Although Putin justified the military assault by claiming that Ukraine’s membership in NATO would provide an existential threat to Russia, that membership was not at all imminent when the invasion occurred. A month later, when President Zelensky offered to have his nation remain neutral in exchange for a Russian withdrawal from Ukraine, Putin ignored the offer. In May, when Finland and Sweden, horrified by the Russian invasion, announced plans to join NATO, Putin failed to halt it. Instead, this October, Russia annexed about a sixth of Ukraine’s territory. Nor has Putin ever renounced gobbling up the rest of Ukraine.
Can anything be done to bring an end to imperialist wars?

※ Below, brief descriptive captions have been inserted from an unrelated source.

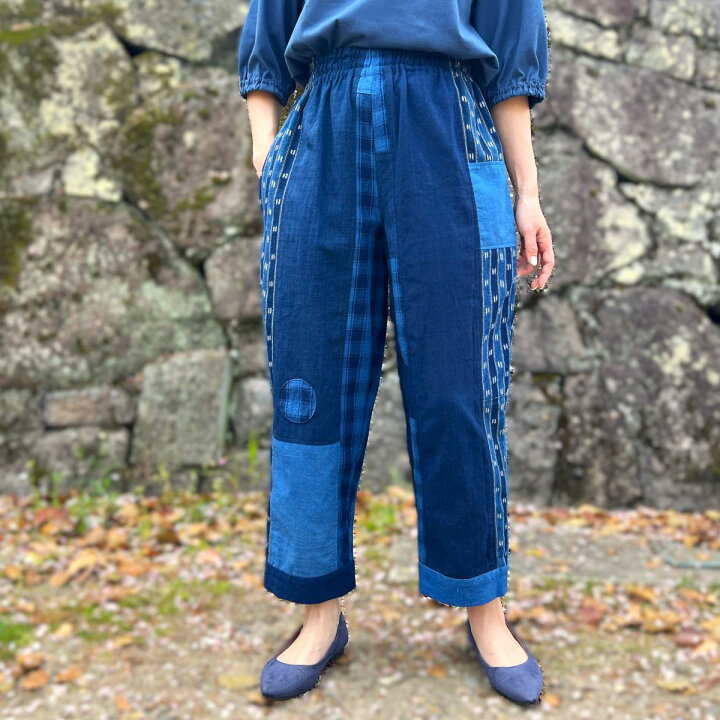 楽天市場】【古布リメイクパンツ】藍染め作家一点物ミセス50代60代  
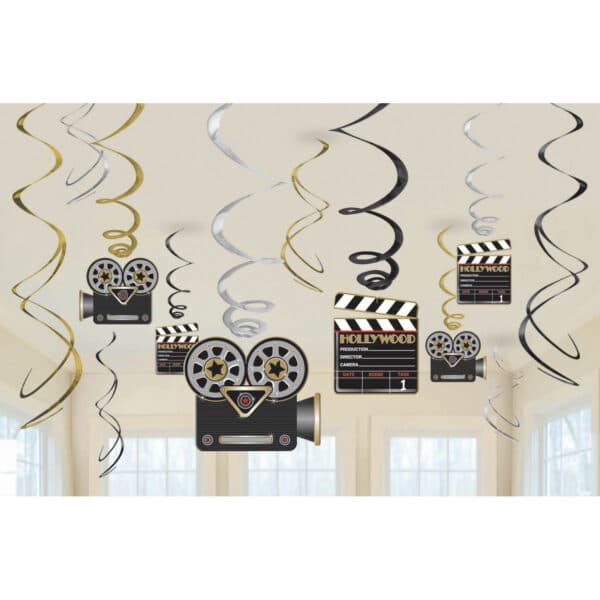 Hollywood Film Hangdecoratie Film Swirls (12 stuks)
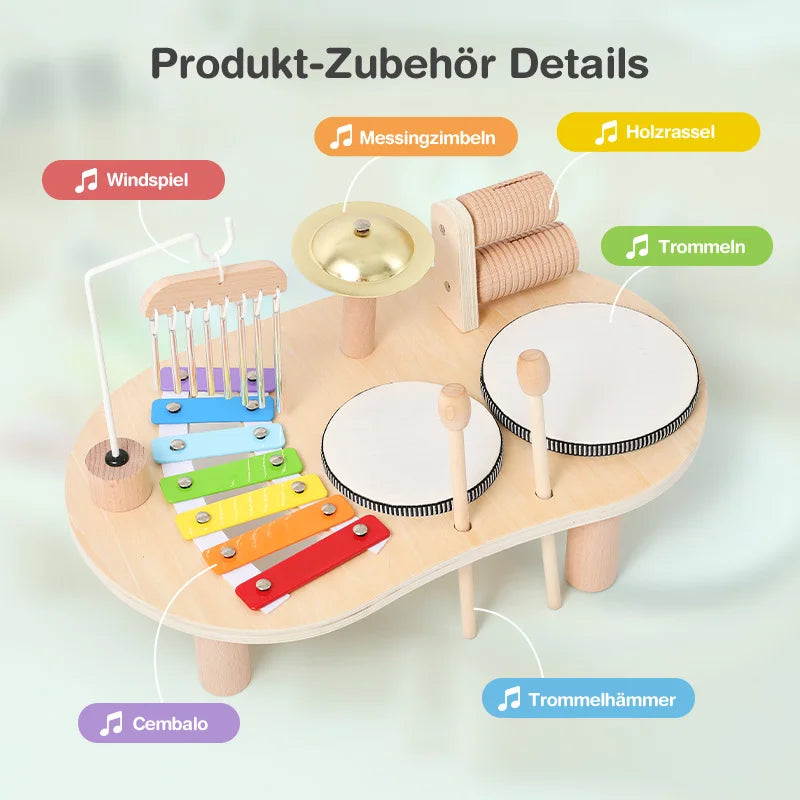 7 in 1 Wooden Toddler Musical Instrument Table Montessori Baby Percussion Toy Xylophone Drum Set Sensory Early Learning Play Gift for Kids 1‑4Y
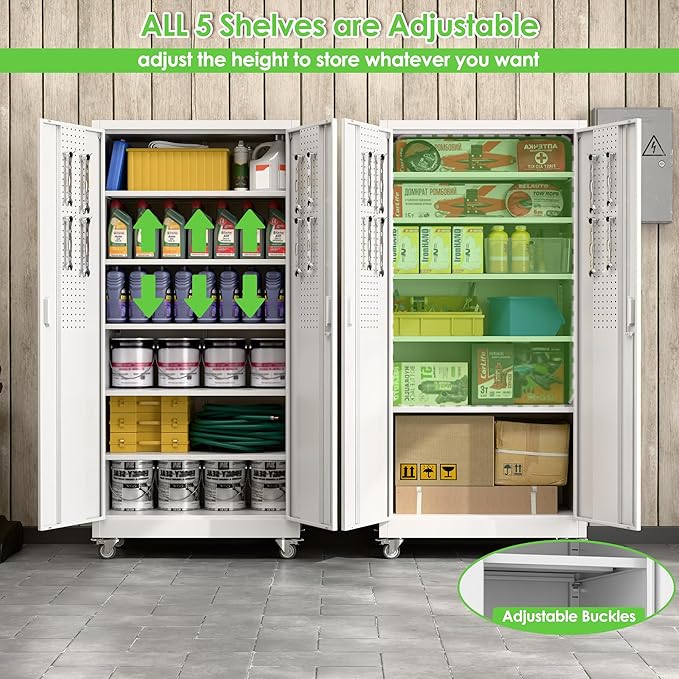 71" H Garage Storage Cabinet with Wheel, Metal Storage Cabinet with Doors,5 Adjustable Shelves and Pegboard for Garage Home Office,Required Assembly,White,71" H×32" W×16" D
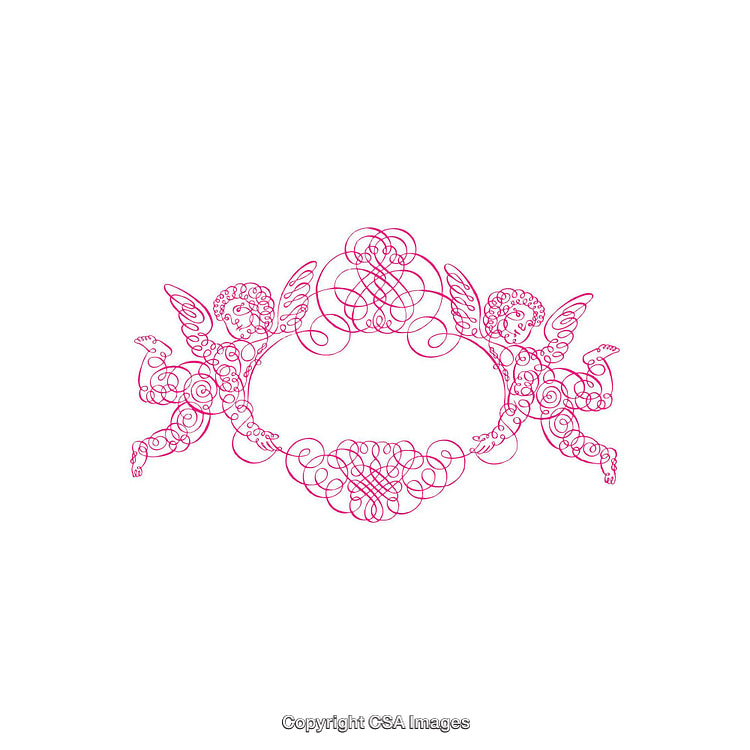 Elegant Pink Baroque Angel Frame Design with Intricate Ornamental Details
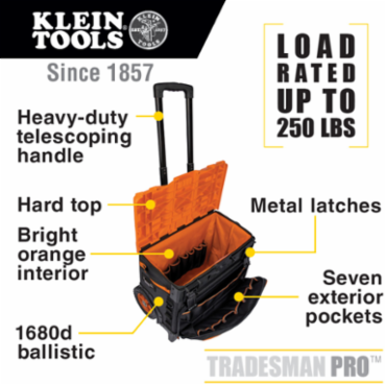 Tradesman Pro™ Rolling Tool Bag, 22 Inch, 250 lbs Capacity, 19 Pockets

Yes, several things could be done. One that has been effective on some occasions is to mobilize an anti-imperialist movement in the aggressor nation and elsewhere. Another that has worked is for the colonized to militarily resist the imperialist power―although, of course, the human cost can be enormous. Furthermore, the international community can roundly condemn imperialist wars and refuse to recognize territorial annexations that flow from them.
Ultimately, though, the world needs a strengthened international security system that will reject both the old and the new imperialism. In some ways, the United Nations already provides this framework through the UN Charter, the power to levy economic sanctions, and a structure for the mediation of conflicts. Even so, the world organization is not yet strong enough to wipe out the vestiges of imperialist aggression. No single country―and certainly not the imperial nations of the past―has the credibility and power to tackle this project alone. But the world community might just possess enough wisdom and determination to finish the job it began a century ago.